--- Data extract ---

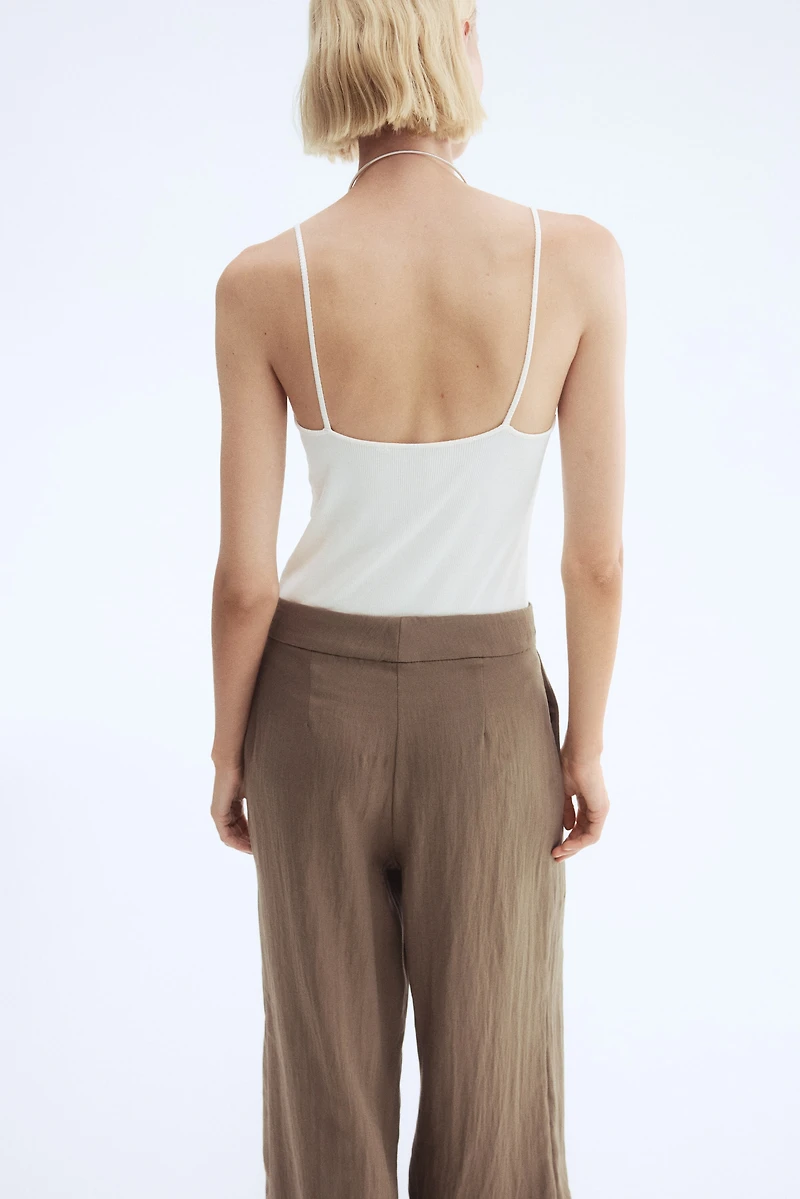 Wide-Leg Twill Pants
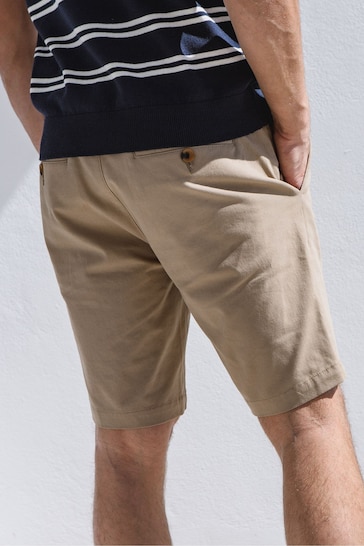 Threadbare Natural Cotton Stretch Turn-Up Chino Shorts with Woven Belt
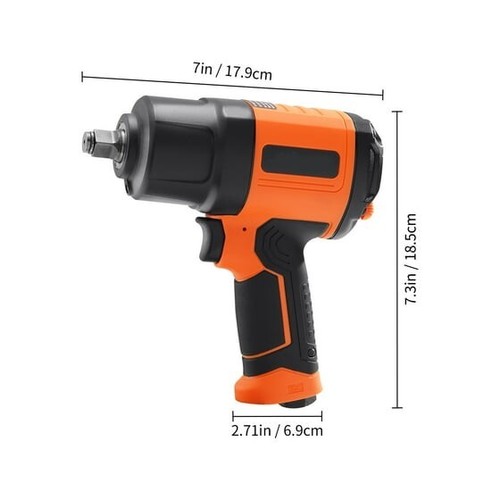 1/2" Air Impact Wrench 1400ft-lb High Torque w/11pc Socket Set & Case - Picture 8 of 9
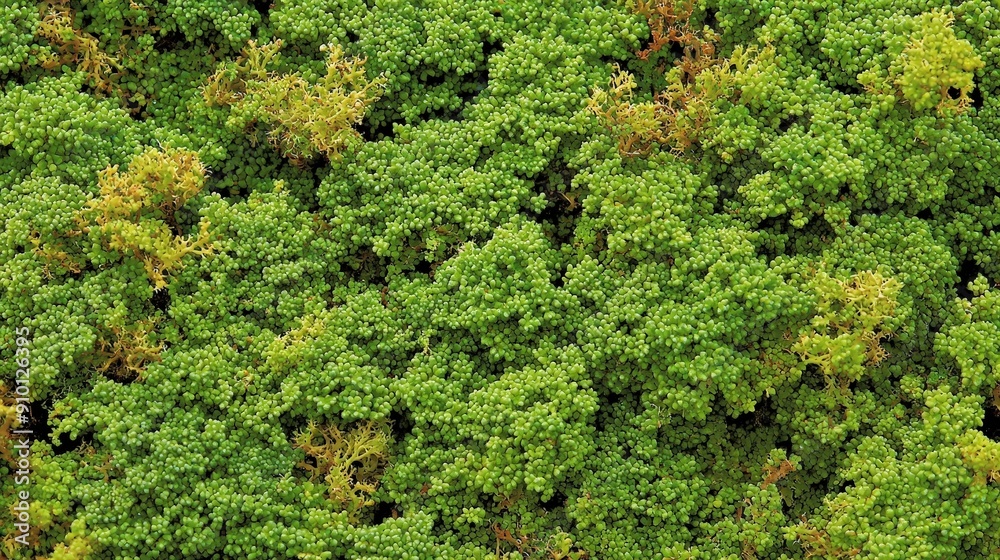 Aufkleber Aerial view of a dense forest canopy displaying various shades of green under the bright afternoon sunlight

---

Work order — The data above should be repeated in full and exactly, with no pictures carried over.

Written reply —
 Wide-Leg Twill Pants
 Threadbare Natural Cotton Stretch Turn-Up Chino Shorts with Woven Belt
 1/2" Air Impact Wrench 1400ft-lb High Torque w/11pc Socket Set & Case - Picture 8 of 9
 Aufkleber Aerial view of a dense forest canopy displaying various shades of green under the bright afternoon sunlight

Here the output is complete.